__Work item__.
When you reach the line containing "Woman BELLA COMFORTO" in the entries below, please begin setting down lines exactly, stop only after the last one, and add nothing else.

__Given data__.
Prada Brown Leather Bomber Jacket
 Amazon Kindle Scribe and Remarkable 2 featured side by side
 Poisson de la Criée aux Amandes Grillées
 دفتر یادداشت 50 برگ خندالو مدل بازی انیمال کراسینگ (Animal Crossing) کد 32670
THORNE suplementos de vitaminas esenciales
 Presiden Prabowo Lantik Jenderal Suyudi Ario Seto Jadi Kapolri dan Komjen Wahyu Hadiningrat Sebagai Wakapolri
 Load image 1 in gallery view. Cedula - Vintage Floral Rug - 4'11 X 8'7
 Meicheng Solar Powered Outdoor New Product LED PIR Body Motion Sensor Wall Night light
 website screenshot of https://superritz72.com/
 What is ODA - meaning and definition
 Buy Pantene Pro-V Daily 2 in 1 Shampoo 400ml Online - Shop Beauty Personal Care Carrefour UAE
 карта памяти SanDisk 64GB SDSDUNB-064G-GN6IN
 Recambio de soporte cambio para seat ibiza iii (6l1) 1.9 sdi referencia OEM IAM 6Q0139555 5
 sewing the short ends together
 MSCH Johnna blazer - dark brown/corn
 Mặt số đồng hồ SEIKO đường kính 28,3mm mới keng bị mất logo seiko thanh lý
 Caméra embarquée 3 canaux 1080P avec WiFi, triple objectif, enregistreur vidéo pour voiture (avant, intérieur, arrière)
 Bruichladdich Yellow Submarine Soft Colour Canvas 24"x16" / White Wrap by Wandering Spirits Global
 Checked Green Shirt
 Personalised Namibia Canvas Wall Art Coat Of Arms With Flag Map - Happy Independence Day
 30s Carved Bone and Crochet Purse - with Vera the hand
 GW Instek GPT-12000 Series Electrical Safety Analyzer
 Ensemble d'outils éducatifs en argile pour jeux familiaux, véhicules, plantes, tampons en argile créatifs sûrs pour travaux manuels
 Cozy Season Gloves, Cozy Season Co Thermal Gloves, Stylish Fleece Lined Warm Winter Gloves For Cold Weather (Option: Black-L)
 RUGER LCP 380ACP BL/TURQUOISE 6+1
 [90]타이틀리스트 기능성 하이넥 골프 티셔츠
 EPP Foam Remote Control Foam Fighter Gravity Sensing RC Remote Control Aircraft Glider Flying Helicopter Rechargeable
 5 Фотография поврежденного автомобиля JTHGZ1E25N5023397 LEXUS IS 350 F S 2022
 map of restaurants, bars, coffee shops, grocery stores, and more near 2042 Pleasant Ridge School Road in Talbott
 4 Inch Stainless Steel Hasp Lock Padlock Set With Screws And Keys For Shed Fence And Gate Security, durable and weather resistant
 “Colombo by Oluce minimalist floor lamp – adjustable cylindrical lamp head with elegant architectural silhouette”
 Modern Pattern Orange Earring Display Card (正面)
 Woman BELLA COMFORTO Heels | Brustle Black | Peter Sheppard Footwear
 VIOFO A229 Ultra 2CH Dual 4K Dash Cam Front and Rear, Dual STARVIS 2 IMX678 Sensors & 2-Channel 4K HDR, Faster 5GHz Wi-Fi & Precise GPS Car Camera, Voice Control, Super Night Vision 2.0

__Expected output__.
 Woman BELLA COMFORTO Heels | Brustle Black | Peter Sheppard Footwear
 VIOFO A229 Ultra 2CH Dual 4K Dash Cam Front and Rear, Dual STARVIS 2 IMX678 Sensors & 2-Channel 4K HDR, Faster 5GHz Wi-Fi & Precise GPS Car Camera, Voice Control, Super Night Vision 2.0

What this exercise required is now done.